B. Pursuant to the terms of the Loan Agreement, Grantor has granted to Bank a security interest in all of Grantor’s right, title and interest, whether presently existing or hereafter acquired, in, to and under all of the Collateral.
NOW, THEREFORE, for good and valuable consideration, receipt of which is hereby acknowledged, and intending to be legally bound, as collateral security for the prompt and complete payment when due of its obligations under the Loan Agreement, Grantor hereby represents, warrants, covenants and agrees as follows:
AGREEMENT
To secure its obligations under the Loan Agreement, Grantor grants and pledges to Bank a security interest in all of Grantor’s right, title and interest in, to and under its intellectual property which is “Collateral” under the Loan Agreement (including without limitation those copyrights, patents, trademarks and mask works listed on Schedules A, B, C, and D hereto), and including without limitation all proceeds thereof to the extent included in “Collateral” under the Loan Agreement (such as, by way of example but not by way of limitation, the following to the extent included in “Collateral” under the Loan Agreement: license royalties and proceeds of infringement suits), the right to xxx for past, present and future infringements, all rights corresponding thereto throughout the world and all re-issues, divisions continuations, renewals, extensions and continuations-in-part thereof. Grantor represents and warrants to Bank that the patents listed on Schedule B are all patents included in the Collateral under the Loan Agreement.

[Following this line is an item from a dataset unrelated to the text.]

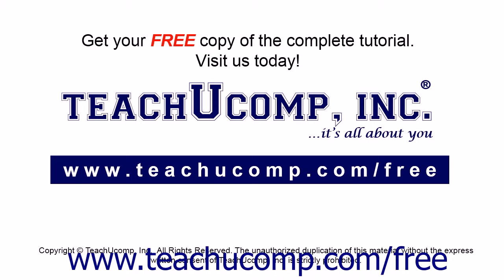Get your free copy of the complete tutorial at www.teachucomp.com/free.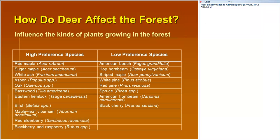Deer have preferences for different browse species. Things like sugar maple, ash, aspen, oak, and yellow birch are high in palatability and deer will select those species out. At the opposite end of the spectrum, species like American beech, hornbeam, striped maple, and some pines and spruces are very low preference. When we see damage on these low-preference species, that's an indicator that deer are overabundant and impacting other plants and animals in the woodland.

Grantor represents and warrants to Bank that it now has no copyrights registered with the United States Copyright Office. Further, if and to the extent Grantor desires to so register any copyrightable materials, Borrower shall at such time (i) provide Bank with at least 15 days prior written notice of the proposed registration of any such copyrightable materials with the United States Copyright Office; (ii) provide Bank with a copy of the application for any such registration; and (iii) execute such other instruments, and take such further actions as Bank may reasonably request from time to time to perfect or continue the perfection of Bank’s security interest therein and in the proceeds thereof, to the extent Bank determines that any additional action is required or desired.
Grantor will (i) protect, defend and maintain the validity and enforceability of the Intellectual Property and promptly advise Bank in writing of material infringements of Intellectual Property material to the Grantor’s business and (ii) not allow any Intellectual Property material to Grantor’s business to be abandoned, forfeited or dedicated to the public without Bank’s written consent.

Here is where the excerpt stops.